At the same point in Ibe’s career, he was attempting to make waves in a side containing Ricky Lambert and a frankly disinterested Mario Balotelli – a side which would go on to scrape sixth position in the league. To say the playing fields were no longer level between the duo would be an understatement.
When Brendan Rodgers left Liverpool and he was replaced by Jürgen Klopp, Ibe had a fresh start under a new manager. Unfortunately, from Ibe’s point of view the Liverpool hierarchy couldn’t have appointed a less-suited boss.
Ibe is far from a Klopp-type player. The high press and intense work ethic out of possession is not something Ibe is known for, and Klopp soon replaced the youngster.
Sadio Mané was brought in by the German tactician the following summer, and a month later Ibe was sent packing to Bournemouth. His time as Liverpool’s number one winger had been brief; he had replaced and been replaced by two of the greatest wingers the Premier League has seen. Tough to make an impact on the Kop faithful with Sterling and Mané fresh in the memory.

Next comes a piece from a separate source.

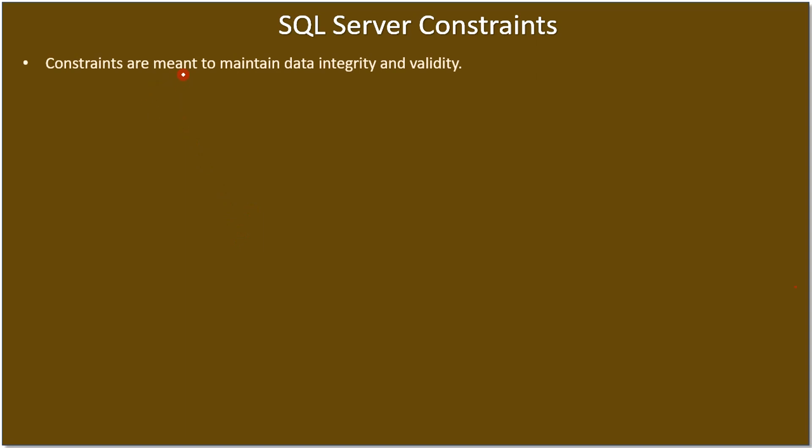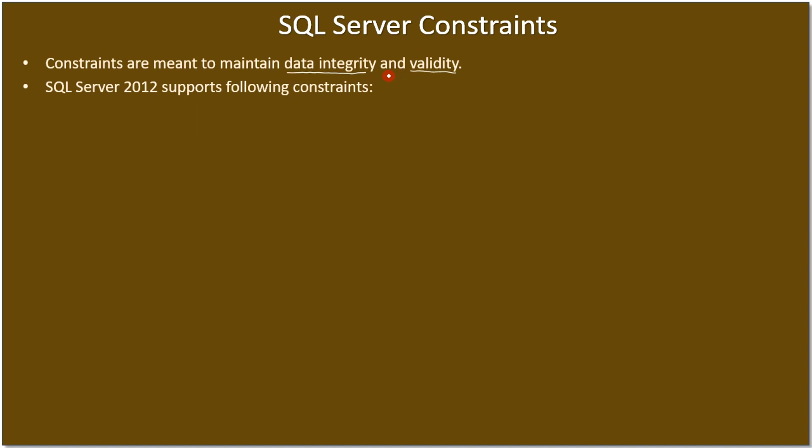Constraints are meant to maintain data integrity as well as validity, so the integrity and validity will be maintained on your table by means of constraints. SQL Server 2012 as well as 2016 supports following constraints.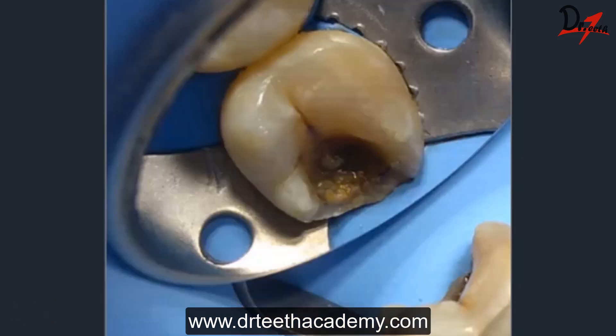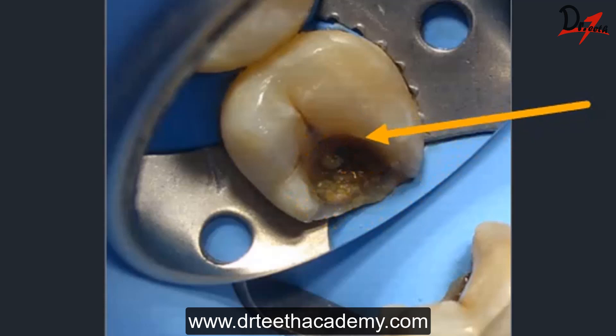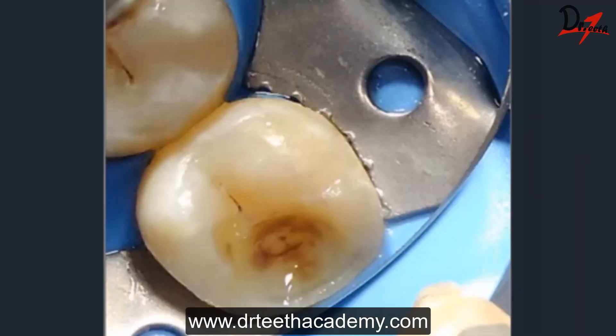Here you can see the cavitated area. You might be wondering where the gingival overgrowth went — I did not cut that gingival part because I was afraid of excessive bleeding. Instead, I selected a thick, heavy rubber dam sheet and tucked that gingival overgrowth underneath the rubber dam, and then I started the caries excavation process.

Despite it being abundantly clear that Klopp didn’t see Ibe fitting into the system he was looking to bring to Anfield, the former Borussia Dortmund boss did include a buy-back clause in the deal with the Cherries. It may not have been Ibe’s time, but Klopp clearly felt there was talent in his boots and the door should not be completely closed on the youngster.
If the Liverpool boss was hoping for Ibe to knuckle down at the Vitality Stadium and prove to him he is good enough to cut it on Merseyside, he will be extremely disappointed with what has followed.
Ibe has made just two appearances for Eddie Howe’s side this season, scoring just three goals in nearly four years at the club. Misdemeanour after misdemeanour has tarnished Ibe’s time at the club even further, with driving bans and club fines for flouting lockdown rules just a few of the incidents which have marred his time on the south coast.
The Cherries announced recently that they would not be renewing Ibe’s contract this summer and the £16m man will be a free agent.
Ibe certainly didn’t have the rub of the green at times when at Liverpool, and perhaps he has been given poor advice at times, but when he arrived at Bournemouth he had a fresh start; a chance to prove he was good enough for a top six team.
Unfortunately, his conduct during his time at the Vitality suggests that even if he was afforded the chances Sterling was, he wouldn’t have made what his former teammate has of them. A future in the second tier of English football beckons for one of Liverpool’s once-brightest prospects.